That song was by a band called Chicago. In 1969. Way to show my age ...
The MOOC experiment is cultural as well as educational. Nowhere was this more starkly evident than in the horror generated by the moment at which the first assignment set came due.
It didn't matter that the course policies said Greenwich Mean Time (GMT). The horror split into three main categories:
1. "The deadlines should be in East Coast time, because EdX is in Boston."
2. "The deadlines should be in Pacific time, because Stat2X is in Berkeley."
3. "The deadlines should be in my time here, because I'm here."
All three are understandable, but each has its problems:
1-2. One of the beauties of an online course is that it's not in any fixed physical location. It's in The Cloud, wherever that is. Clouds drift. Where somebody's office is doesn't determine where the work is done. For example, Stat 2.3X won't start till the semester is over in Berkeley; I might handle that one from several different time zones.

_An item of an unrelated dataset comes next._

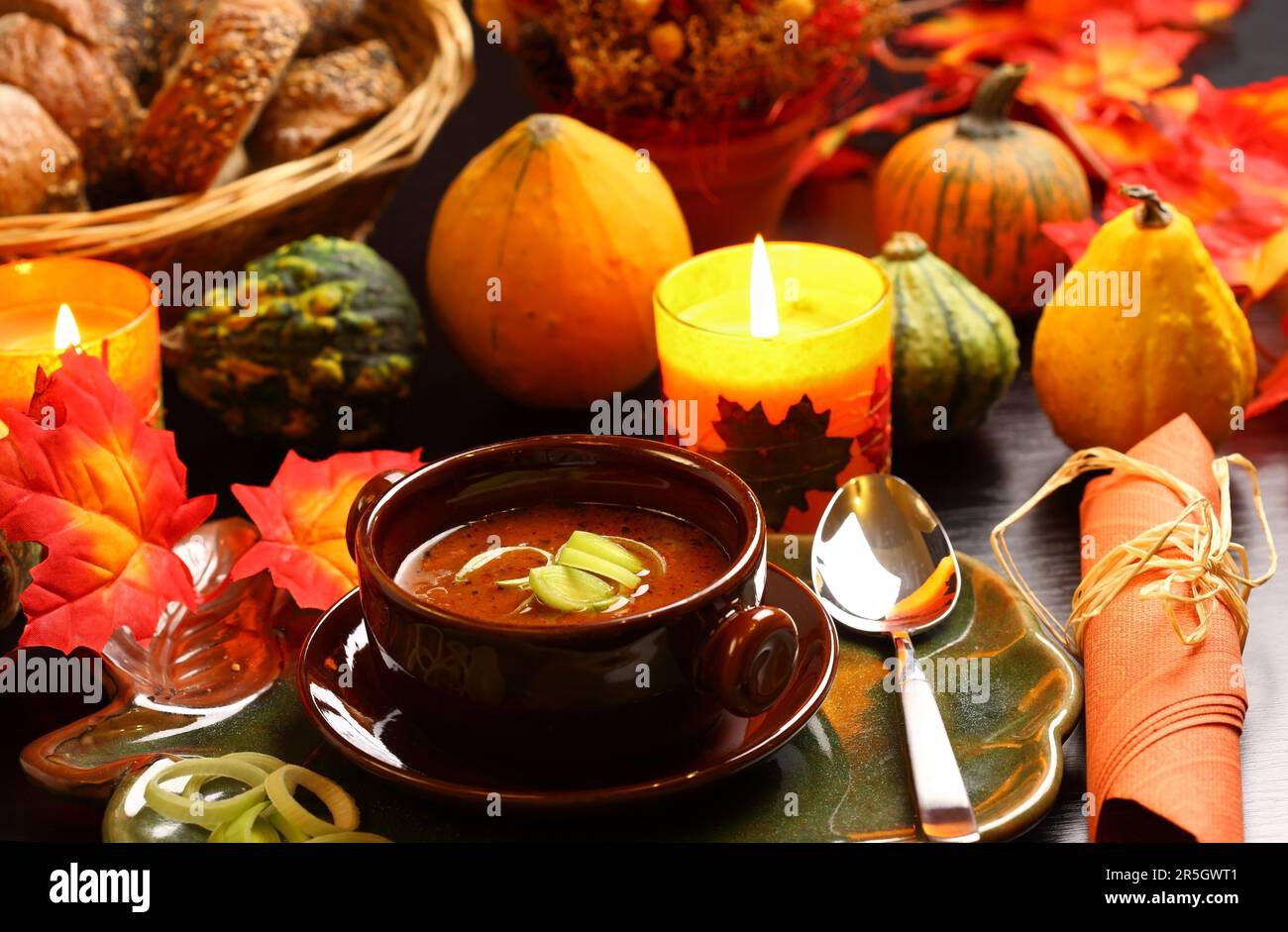 Goulash soup for autumn and Thanksgiving Stock Photo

3. Students move, even across time zones. We don't want to keep track of where they're working from, and we can't have each student setting his or her own time zone for each assignment, specially when many students aren't clear about time zones at all.
So we stayed with a single time zone - GMT - which is the platform default and is a standard across the world. Using GMT forces us as course developers to do what most of our students do, which is to arrange our working hours to meet deadlines set in a different time zone. It's an excellent way for us to stay aware of how students have to organize their time.
That said, every deadline that appears on the class website should have a time zone attached to it. And that's not happening. Why? Because it's not possible in the current state of the platform. However, EdX is responsive to concerns and is working on it. Let's hope we'll soon be able to display time zones along with times.
Until that happens, we're stating GMT (also spelled out as Greenwich Mean Time) in bold at the tops of assignments, since stating it once didn't do the job.
And that's as much as we're going to do. We will not have countdown clocks nor reminders sent by email shortly before deadlines. There are other priorities for our overworked engineers; most students finish their work long before the deadlines, anyway.
As for the song, a guy walks up to the singer and asks him for the time "that was on my watch," and the singer subjects him to a "does anybody know and does anybody care" philosophical non-response. You can't help feeling sorry for the poor guy who was probably just trying to catch a bus.
Good song, though, for when you're feeling grumpy about the rat race.